• _Your task_
Every line from the top of the records below through the one containing "how-does-a-sim-based-cctv-camera-work" must be copied exactly, and the pictures must not be.

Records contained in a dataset
↓↓↓
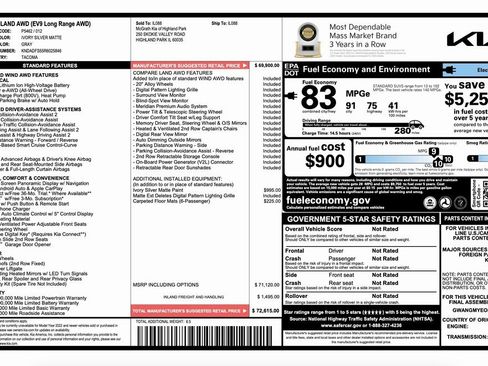 Used 2024 Kia EV9 Land image 2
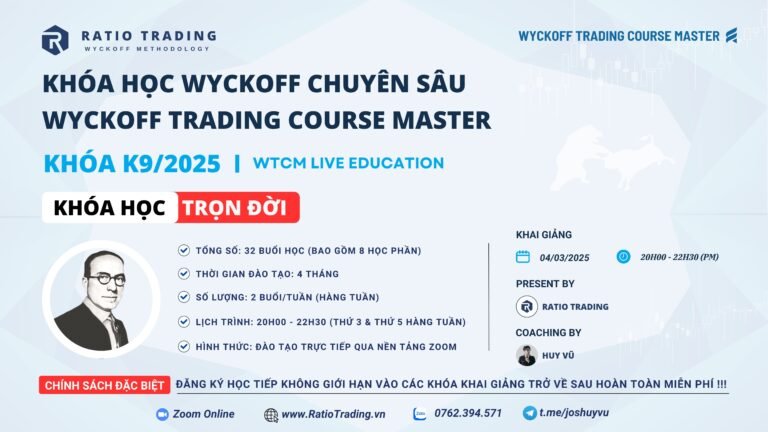 Khóa Học Phương Pháp Wyckoff Chuyên Sâu K9/2025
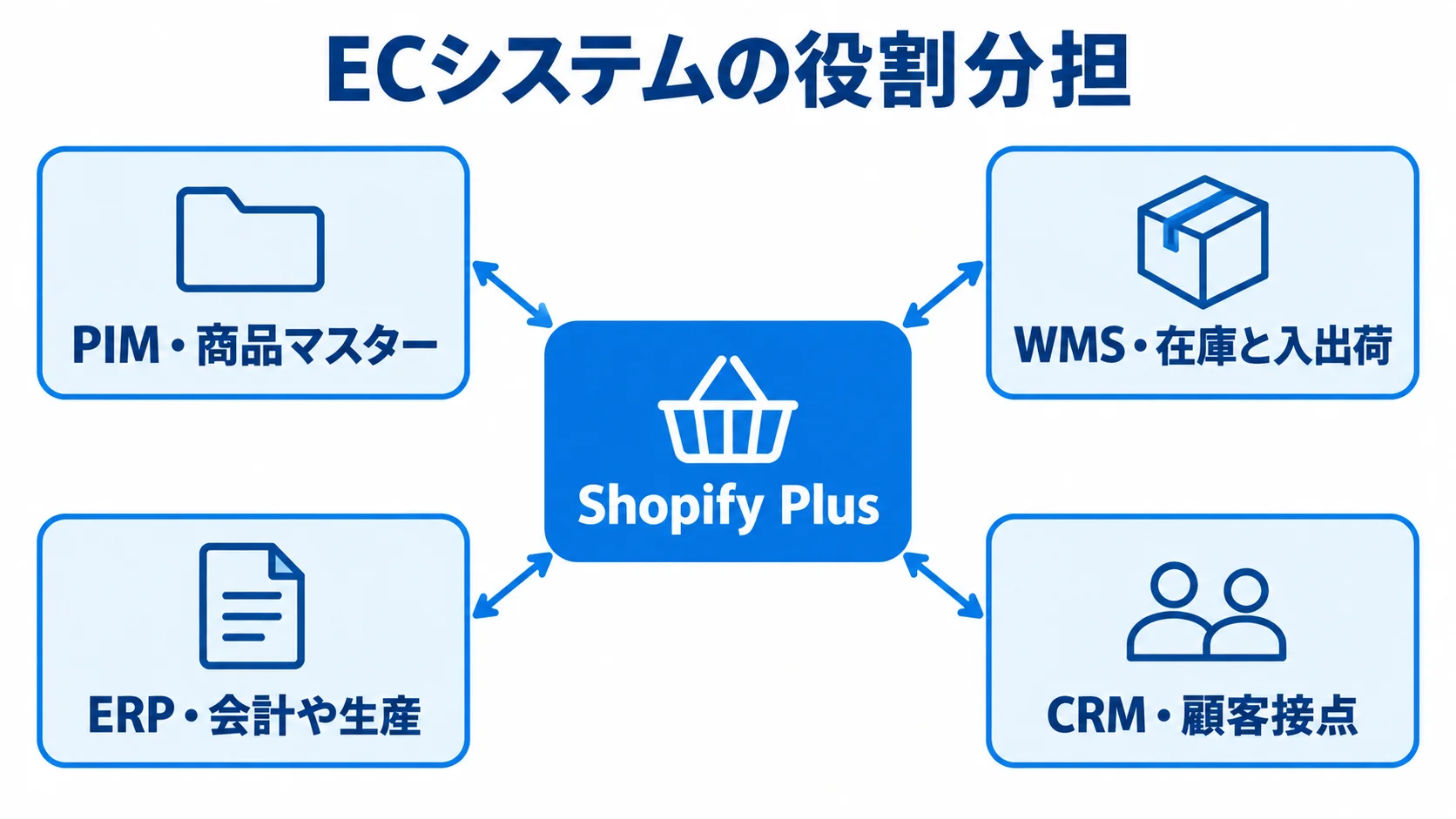 Shopify Plusを中央に置き、PIM、WMS、ERP、CRMの役割を周囲に示した図。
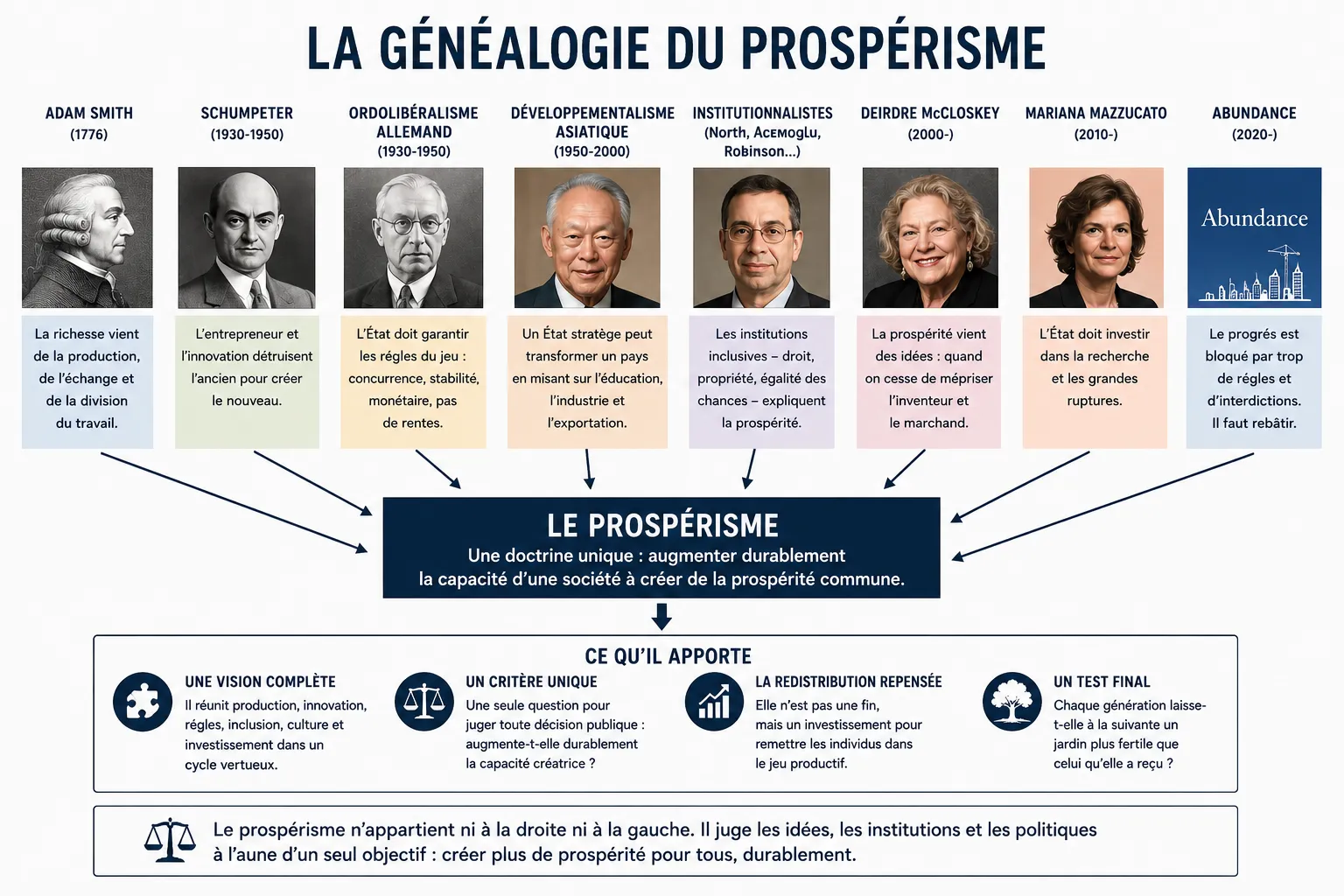 Sur le prospérisme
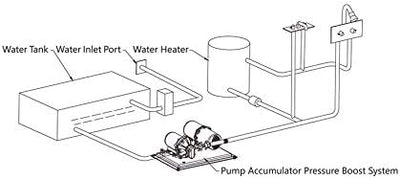 LIGHTEU®, Seaflo 3,0 GPM/11,3 LPM Pumpe mit integriertem Akkumulatortank Pump+tank, Pump+tank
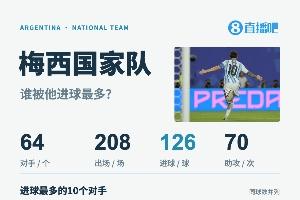 谢谢你,梅西!我们该怎样告别呢?像当初见面那样!G.O.A.T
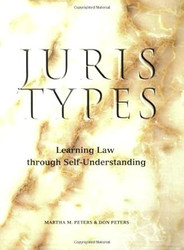 Juris Types
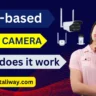how-does-a-sim-based-cctv-camera-work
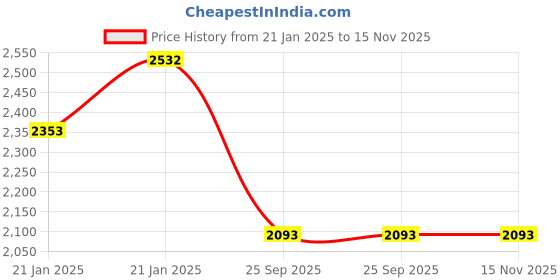 moglix.com Lumax 262-SP-DE15-GR Grey Side Panel for Honda Dio N-M 2015-16 lumax Price History Graph from 21 Jan 2025 to 15 Nov 2025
↑↑↑
• _Task result_
 Used 2024 Kia EV9 Land image 2
 Khóa Học Phương Pháp Wyckoff Chuyên Sâu K9/2025
 Shopify Plusを中央に置き、PIM、WMS、ERP、CRMの役割を周囲に示した図。
 Sur le prospérisme
 LIGHTEU®, Seaflo 3,0 GPM/11,3 LPM Pumpe mit integriertem Akkumulatortank Pump+tank, Pump+tank
 谢谢你,梅西!我们该怎样告别呢?像当初见面那样!G.O.A.T
 Juris Types
how-does-a-sim-based-cctv-camera-work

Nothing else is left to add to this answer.